JuliaORNL / JACC.jl

CPU/GPU parallel performance portable layer in Julia via functions as arguments
MIT License
21 stars 13 forks source link

Would like to pass in more than just numbers and arrays #56

Open PhilipFackler opened 7 months ago

PhilipFackler commented 7 months ago

This commit causes me problems: https://github.com/JuliaORNL/JACC.jl/commit/6d1265714f58855c2e5142835fe274350d4971ae

parallel_for now accepts only Numbers and Arrays (or CuArrays in the cuda case). I'd like to pass in instances of structs and tuples also. Perhaps the function could use Vararg{Any}?

williamfgc commented 6 months ago

@michel2323 please let us know your thoughts on this issue. Thanks!

michel2323 commented 6 months ago

Oh ok. This restrictive. Okay. I'm gonna take look.

michel2323 commented 6 months ago

The problem with Vararg{Any} is that dispatch and precompilation won't work. We need different types for CPU, CUDA, etc.

michel2323 commented 6 months ago

How do you want to decide a struct should be on the CPU or GPU in the loop?

michel2323 commented 6 months ago

I looked at OpenMP and they have the target in the #pragma. So one solution would be to pass a backend argument to the parallel_for etc. CUDA.jl, oneAPI.jl, and AMDGPU.jl provide a CUDABackend, oneAPIBackend(), and ROCBackend(). See for example here https://github.com/JuliaGPU/CUDA.jl/blob/7f725c0a117c2ba947015f48833630605501fb3a/src/CUDAKernels.jl#L21 .

For the CPU we could define our own or use it straight from KA. All this would also remove the need for JACC.Array.

PhilipFackler commented 6 months ago

How do you want to decide a struct should be on the CPU or GPU in the loop?

This is when launching a kernel. As long as the struct meets isbitstype I should be able to copy it into the kernel just like a Number.

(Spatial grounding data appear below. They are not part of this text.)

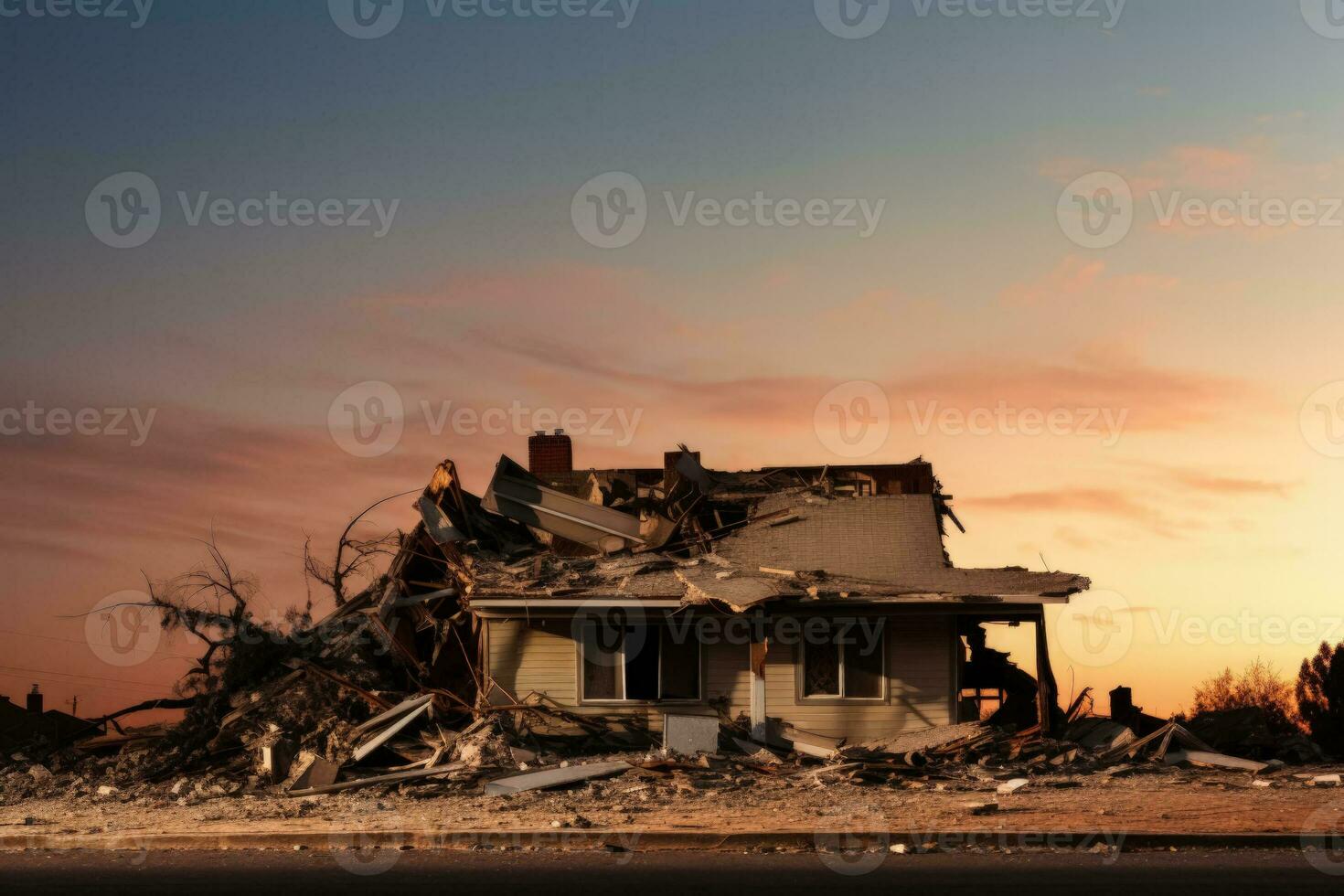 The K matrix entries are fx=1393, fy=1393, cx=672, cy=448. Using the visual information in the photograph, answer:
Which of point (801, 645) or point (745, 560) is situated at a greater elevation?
point (745, 560)

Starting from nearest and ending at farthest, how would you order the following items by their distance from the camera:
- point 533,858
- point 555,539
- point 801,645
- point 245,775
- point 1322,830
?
1. point 533,858
2. point 1322,830
3. point 245,775
4. point 801,645
5. point 555,539

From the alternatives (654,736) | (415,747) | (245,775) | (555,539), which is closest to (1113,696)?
(654,736)

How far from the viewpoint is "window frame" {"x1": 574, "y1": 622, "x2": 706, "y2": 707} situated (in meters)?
23.0

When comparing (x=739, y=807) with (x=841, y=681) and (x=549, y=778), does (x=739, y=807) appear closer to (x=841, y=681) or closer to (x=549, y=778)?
(x=549, y=778)

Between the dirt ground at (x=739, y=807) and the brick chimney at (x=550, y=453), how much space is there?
10.0m

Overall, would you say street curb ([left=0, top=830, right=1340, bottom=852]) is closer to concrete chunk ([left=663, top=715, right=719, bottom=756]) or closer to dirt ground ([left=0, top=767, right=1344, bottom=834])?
dirt ground ([left=0, top=767, right=1344, bottom=834])

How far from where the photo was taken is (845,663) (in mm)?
22953

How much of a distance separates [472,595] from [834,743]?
6.28m

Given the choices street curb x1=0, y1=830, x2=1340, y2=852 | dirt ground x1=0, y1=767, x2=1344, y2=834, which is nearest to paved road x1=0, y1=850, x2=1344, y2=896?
street curb x1=0, y1=830, x2=1340, y2=852

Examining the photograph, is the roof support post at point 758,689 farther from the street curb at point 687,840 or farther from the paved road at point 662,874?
the paved road at point 662,874

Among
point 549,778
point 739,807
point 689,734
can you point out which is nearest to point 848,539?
point 689,734

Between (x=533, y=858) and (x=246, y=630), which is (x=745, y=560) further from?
(x=533, y=858)

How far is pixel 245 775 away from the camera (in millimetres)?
21484

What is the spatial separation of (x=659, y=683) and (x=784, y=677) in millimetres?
2085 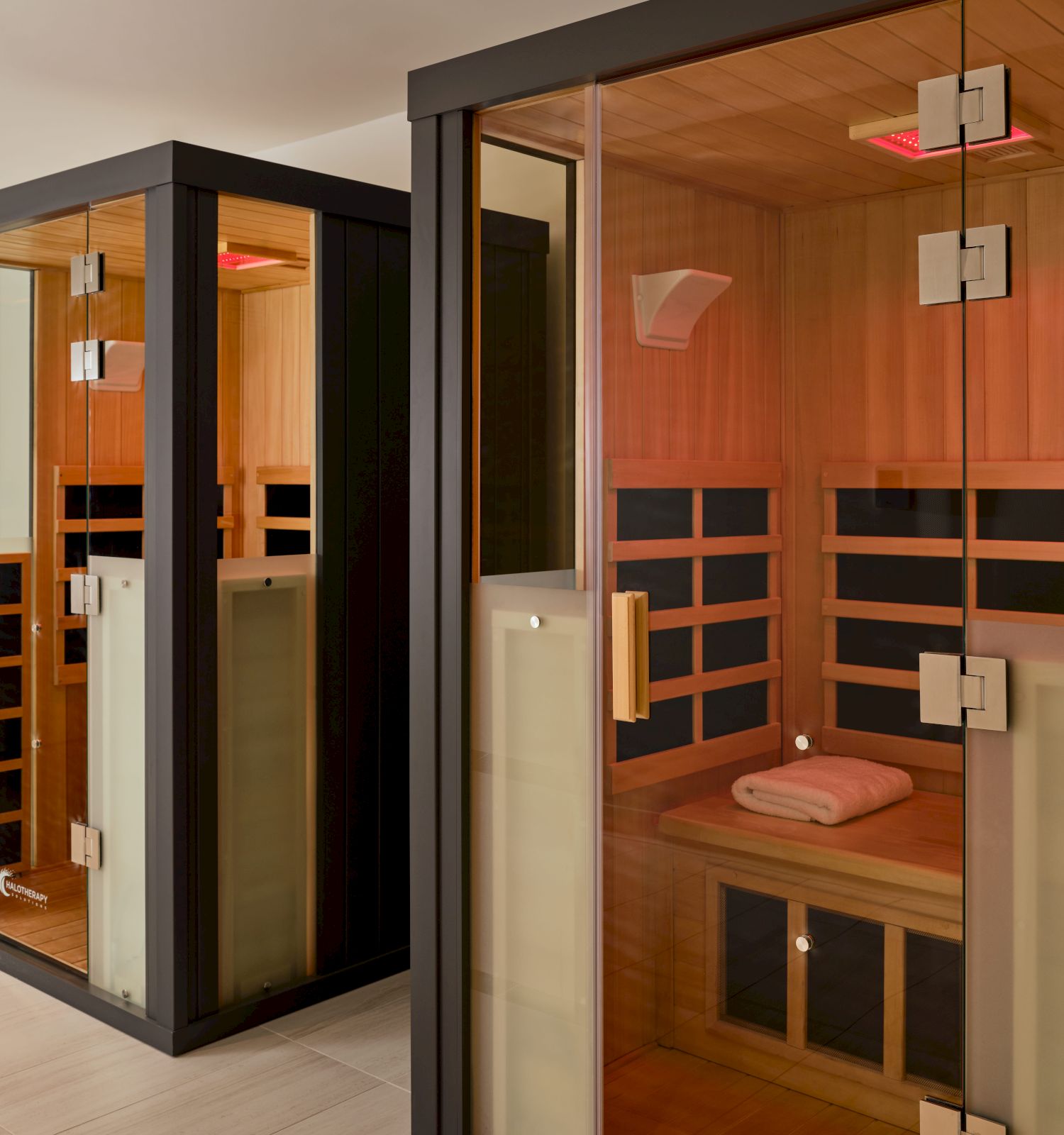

And this works with the earlier version that uses ... parameters.

kmp5VT commented 6 months ago

@michel2323 @PhilipFackler I have a general rough draft of this idea in this PR. This is similar to how we launch CPU vs GPU kernels in the ITensors.jl package

williamfgc commented 6 months ago

@kmp5VT thanks, we'd like to explore these ideas keeping the API really simple for end-users who would like to stay closer to their science and not necessarily computational aspects. Otherwise, there is very little added value for using JACC.

A good exercise is to examine the final API and integration effort. Currently, we are prioritizing issues that allow for easy integration with apps and less maintenance. Most of the design decisions are from looking at apps and what they need and make incremental progress.

@PhilipFackler posted a minimal example in #51